Considering A New Model For Consumer Loan Management
Now that we are deep into 2003, we can look back on the past year and assess what lessons should be learned.
Consumer reaction throughout the economic downturn of 2002 was significantly different than in past downturns, further eroding the notion that a single economic model can predict consumer behavior. Most economists would agree that 2002 economic indicators were contradictory to consumer behavior. Most contrary was that amid continued corporate layoffs and rising unemployment, consumer spending continued to keep the economy afloat.
Throughout most of 2002, consumers continued to take on additional credit card debt, purchase new autos and finance new homes. While loan growth rates were not equal to the double-digit growth rates of 2000, they held steady throughout the year. Only as we entered the fourth quarter of 2002 did we begin to see a slow down in consumer spending.
According to NCUA's annual report, federally insured credit unions increased their lending activity by 6.27% or $20.2 billion dollars for the full year. At the same time, seasonally adjusted Federal Reserve figures showed an increase in outstanding consumer credit of $58 billion from December 2001 through December 2002. Though growth has slowed, consumers are continuing to spend. In the second quarter, the Federal Reserve recorded a 3% annual increase in total consumer credit.
As the economy continues to sort itself out in 2003, credit union executives should consider a new business model for consumer loan management. The new model suggests that being prepared to operate in any economic environment is a better alternative than trying to predict the ebbs and flows of economic cycles. When credit unions are prepared for any economic environment, they can simply shift with the curve instead of reacting after the fact.
Getting Prepared...Examine Your Lending Mission
In the process of becoming prepared, credit unions may need to re-visit their lending mission. The two biggest questions to address in your lending mission include: who will you serve and how you will serve them.
As your lending mission changes, those changes should be reflected in the philosophy of the organization through policies, procedures and staff training. They should also be visible to members through up-to-date product and service delivery channels and through clear communication.

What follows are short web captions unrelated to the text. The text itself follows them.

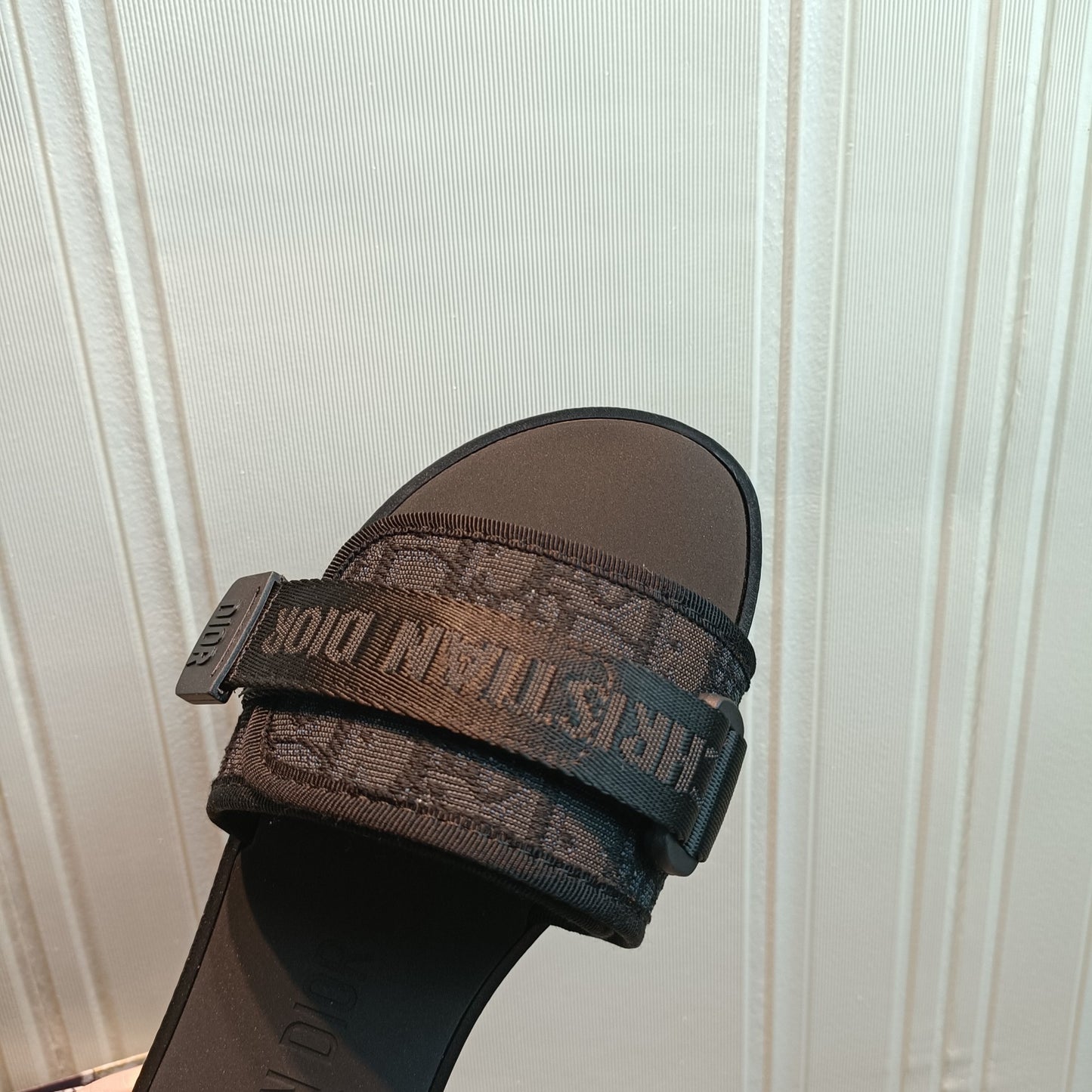 14D20ZDE Stylish Slippers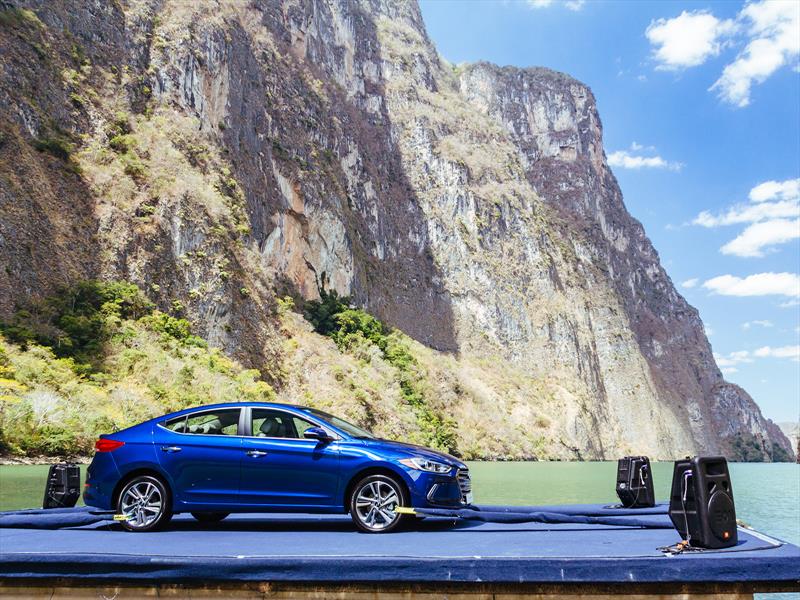 Hyundai Elantra 2017 llega a México desde $253,900 pesos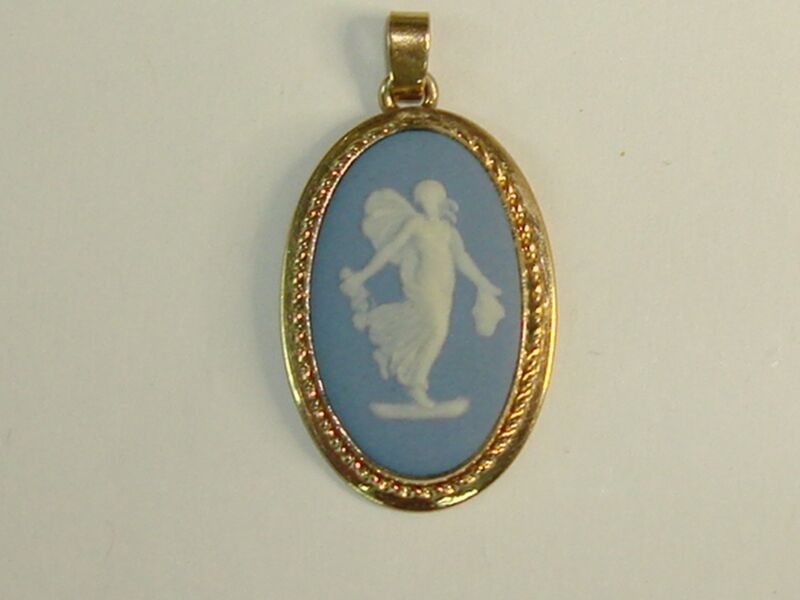 Vintage Van Dell gold filled Wedgwood England pendant with Roman goddess design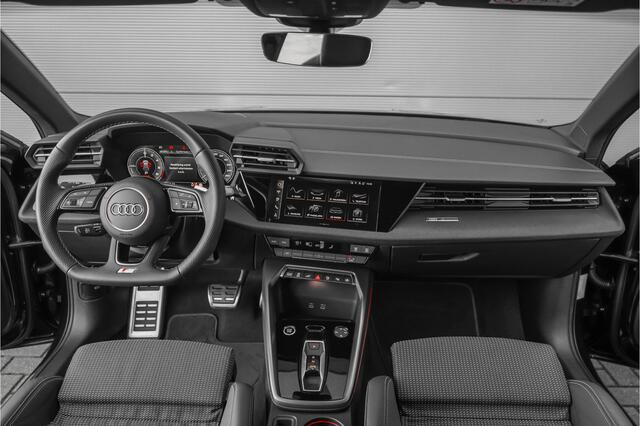 Audi A3 SPORTBACK 40 TFSI e S Edition Matrix LED Camera Keyless 18"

Current debt levels, use of credit, and recurring economic downcycles make it unrealistic to think that members will maintain a consistent credit quality throughout their lives. If credit unions want to be their members' "lifetime" financial institution, then lending programs as well as policies and procedures should take into consideration member credit shifts.
Create a Lending Profile
Your lending profile is the ideal picture of your lending mission. Your profile will determine what programs you will offer and how they will be delivered. Once this profile is clear, you can begin to evaluate internal and external resources that will help you to make this profile a reality.
Determining Your Loan Portfolio Mix and Keeping it Flexible
This function is most likely part of your Asset Liability Management (ALM) process. However, as you review and adjust your lending mission, you will also need to adjust your lending mix. You can establish your lending mix for the short-term, but be sure your lending programs allow you to remain flexible so that you are ready and able to adjust the mix as necessary. Your lending mix should address percentages for specific products, taking into consideration prime and non-prime as well as delivery channels.
This amount of detail and focus on your lending mix will also assist your marketing efforts. With this information, the marketing department can establish targeted messages for different markets and promote the desired delivery channels.
Since we can't accurately predict the future economic environment, our best course of action is to be prepared. In the process of preparation, we might find better tools that support a broader mission and better meet the borrowing needs of our members for a lifetime.